## [RECORDS SHOWN]

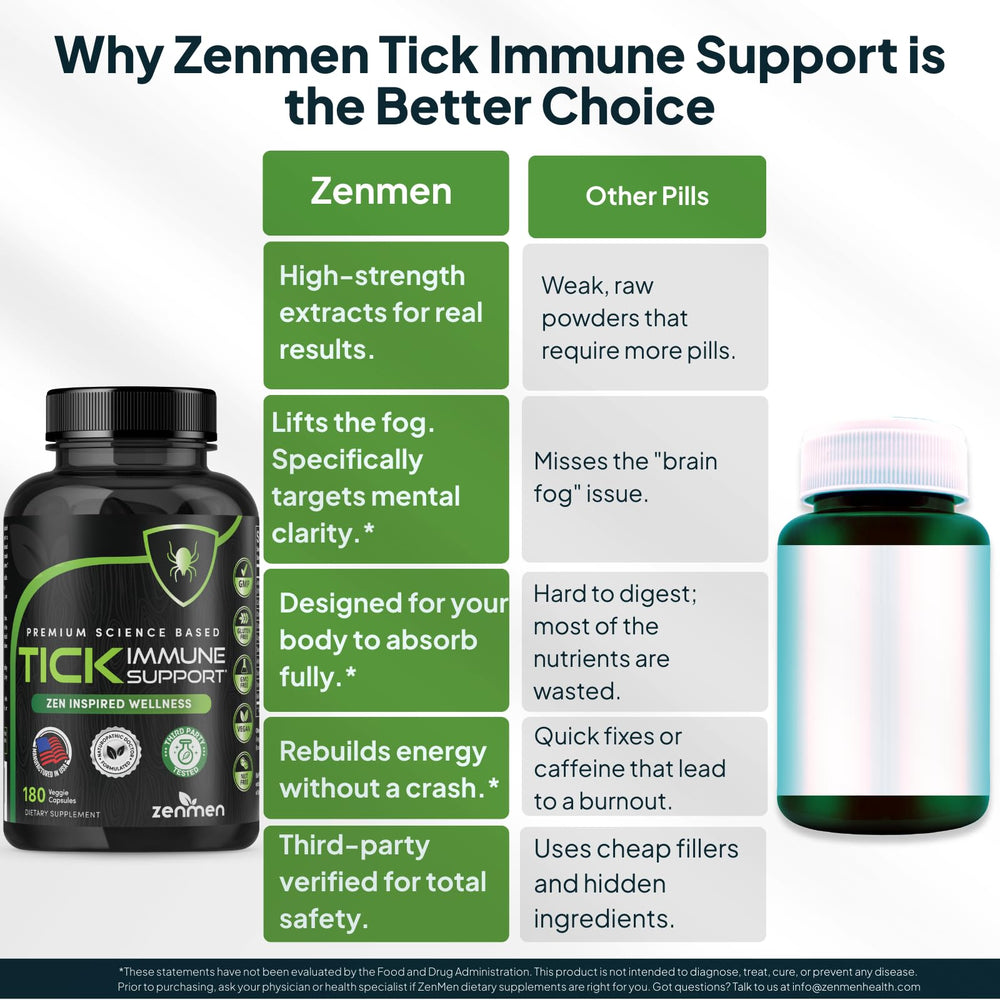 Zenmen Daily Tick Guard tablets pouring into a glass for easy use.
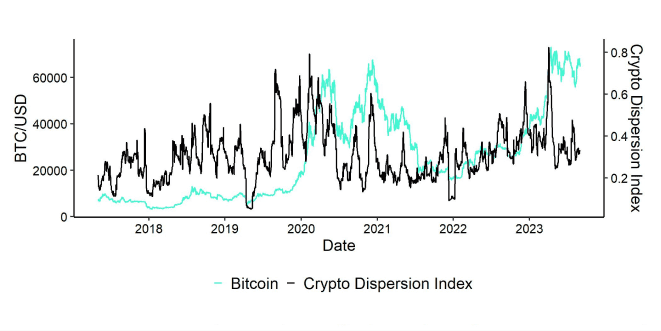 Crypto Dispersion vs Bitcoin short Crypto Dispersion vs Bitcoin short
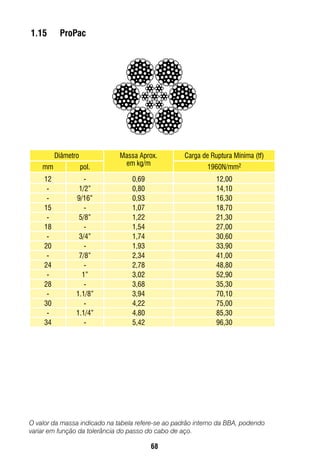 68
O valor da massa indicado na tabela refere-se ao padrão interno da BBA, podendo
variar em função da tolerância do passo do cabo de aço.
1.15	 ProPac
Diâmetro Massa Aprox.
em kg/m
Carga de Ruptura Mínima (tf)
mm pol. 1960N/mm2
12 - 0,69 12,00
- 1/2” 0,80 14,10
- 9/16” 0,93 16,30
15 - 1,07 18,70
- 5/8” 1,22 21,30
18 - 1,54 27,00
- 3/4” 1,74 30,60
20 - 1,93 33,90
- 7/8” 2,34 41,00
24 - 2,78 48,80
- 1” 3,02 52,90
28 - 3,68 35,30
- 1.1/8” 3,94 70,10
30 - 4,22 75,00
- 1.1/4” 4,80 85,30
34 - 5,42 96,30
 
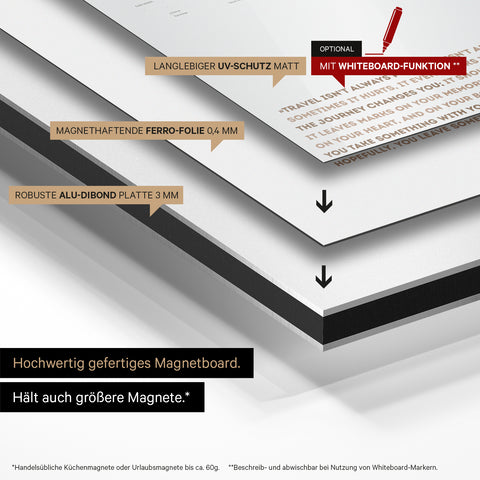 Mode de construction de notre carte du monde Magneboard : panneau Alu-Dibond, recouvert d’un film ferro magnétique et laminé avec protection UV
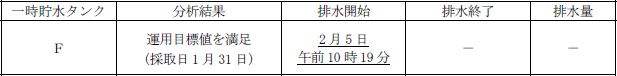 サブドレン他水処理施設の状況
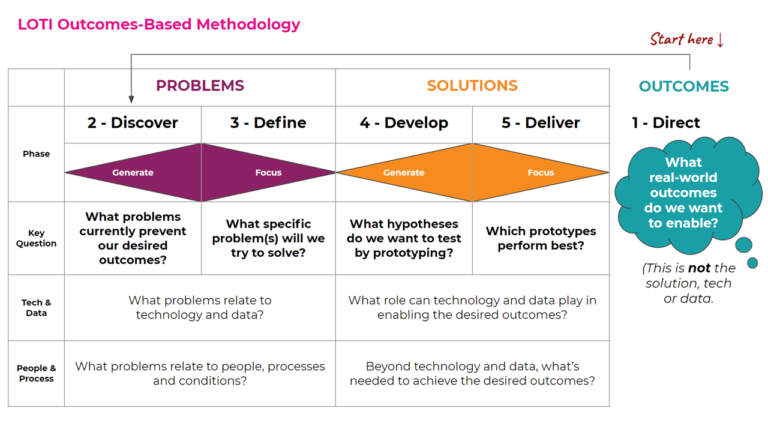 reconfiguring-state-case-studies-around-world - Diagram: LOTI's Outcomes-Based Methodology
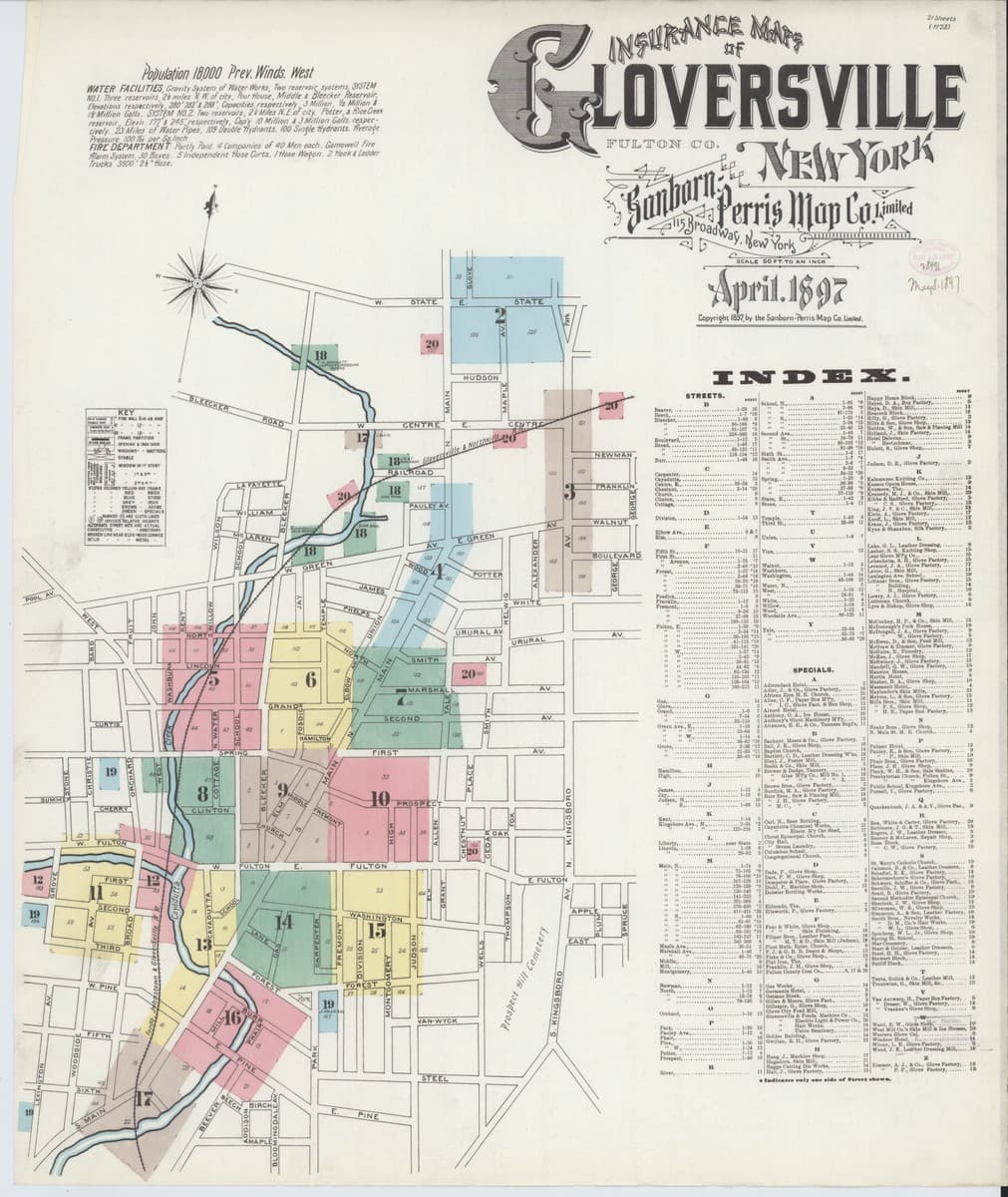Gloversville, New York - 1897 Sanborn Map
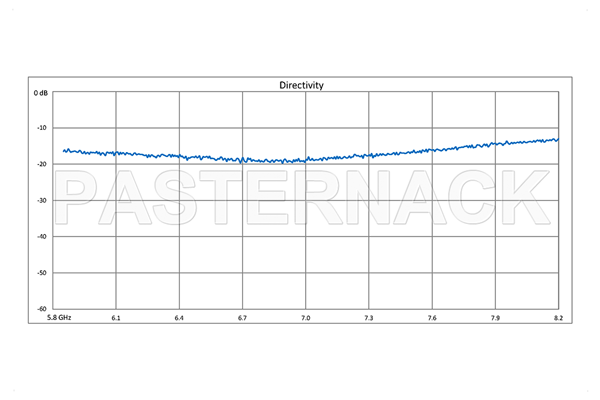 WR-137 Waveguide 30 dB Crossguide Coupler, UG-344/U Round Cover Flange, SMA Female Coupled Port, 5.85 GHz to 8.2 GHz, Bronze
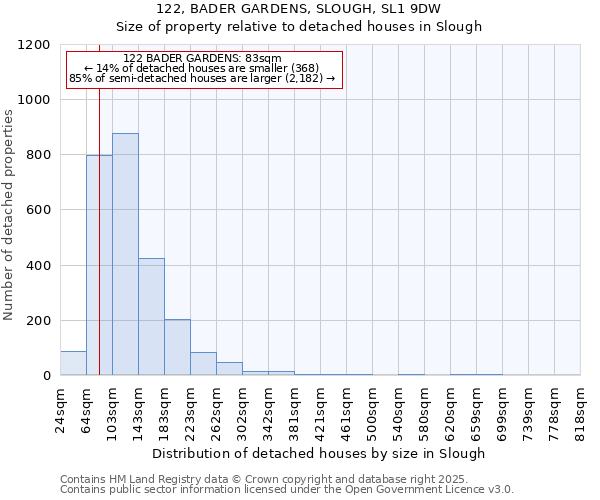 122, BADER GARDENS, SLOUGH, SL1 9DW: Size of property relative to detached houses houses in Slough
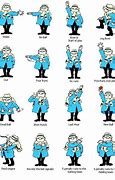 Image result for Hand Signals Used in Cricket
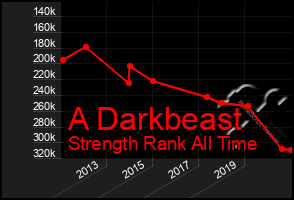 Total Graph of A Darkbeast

==

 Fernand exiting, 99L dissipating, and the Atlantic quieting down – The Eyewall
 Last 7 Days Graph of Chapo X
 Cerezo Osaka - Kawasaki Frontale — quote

...

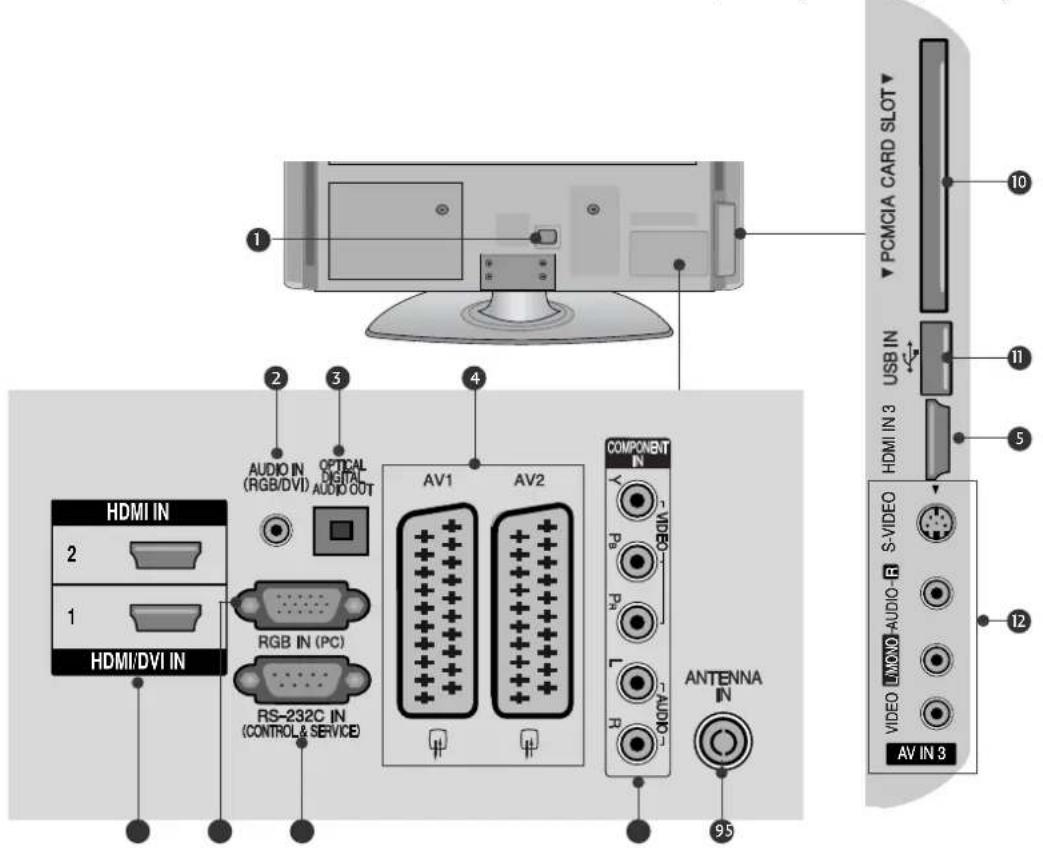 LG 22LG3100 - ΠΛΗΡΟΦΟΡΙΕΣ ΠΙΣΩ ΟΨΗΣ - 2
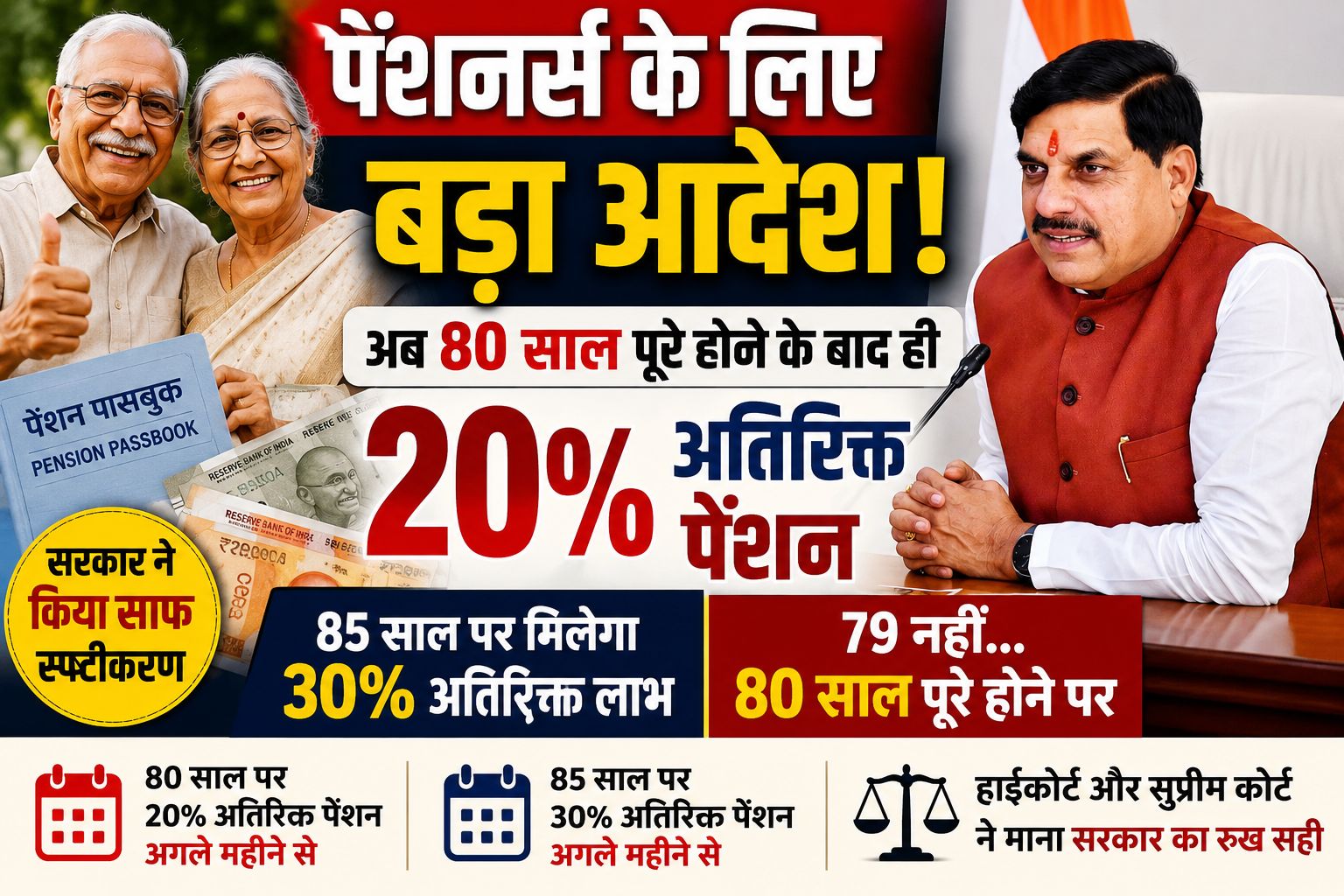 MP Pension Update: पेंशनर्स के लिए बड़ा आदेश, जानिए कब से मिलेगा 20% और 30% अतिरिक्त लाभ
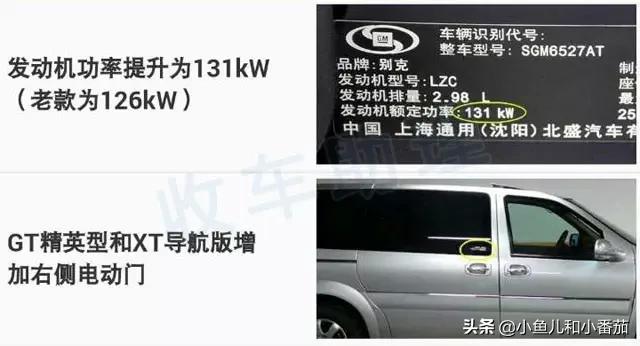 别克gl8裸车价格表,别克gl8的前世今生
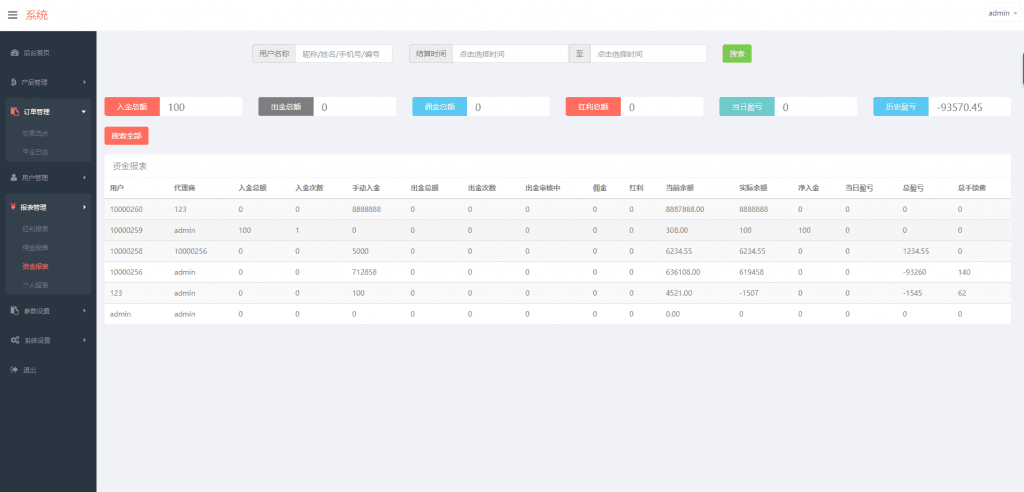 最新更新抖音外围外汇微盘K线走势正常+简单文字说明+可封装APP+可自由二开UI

## [REQUIRED ACTION]
I would like the exact lines from the data above, starting with the one that holds "mm pol. 1960N/mm2" and going on through the one that holds "122, BADER GARDENS, SLOUGH, SL1", without the pictures.

## [YOUR SOLUTION]
mm pol. 1960N/mm2
12 - 0,69 12,00
- 1/2” 0,80 14,10
- 9/16” 0,93 16,30
15 - 1,07 18,70
- 5/8” 1,22 21,30
18 - 1,54 27,00
- 3/4” 1,74 30,60
20 - 1,93 33,90
- 7/8” 2,34 41,00
24 - 2,78 48,80
- 1” 3,02 52,90
28 - 3,68 35,30
- 1.1/8” 3,94 70,10
30 - 4,22 75,00
- 1.1/4” 4,80 85,30
34 - 5,42 96,30
 
 Mode de construction de notre carte du monde Magneboard : panneau Alu-Dibond, recouvert d’un film ferro magnétique et laminé avec protection UV
 サブドレン他水処理施設の状況
 reconfiguring-state-case-studies-around-world - Diagram: LOTI's Outcomes-Based Methodology
Gloversville, New York - 1897 Sanborn Map
 WR-137 Waveguide 30 dB Crossguide Coupler, UG-344/U Round Cover Flange, SMA Female Coupled Port, 5.85 GHz to 8.2 GHz, Bronze
 122, BADER GARDENS, SLOUGH, SL1 9DW: Size of property relative to detached houses houses in Slough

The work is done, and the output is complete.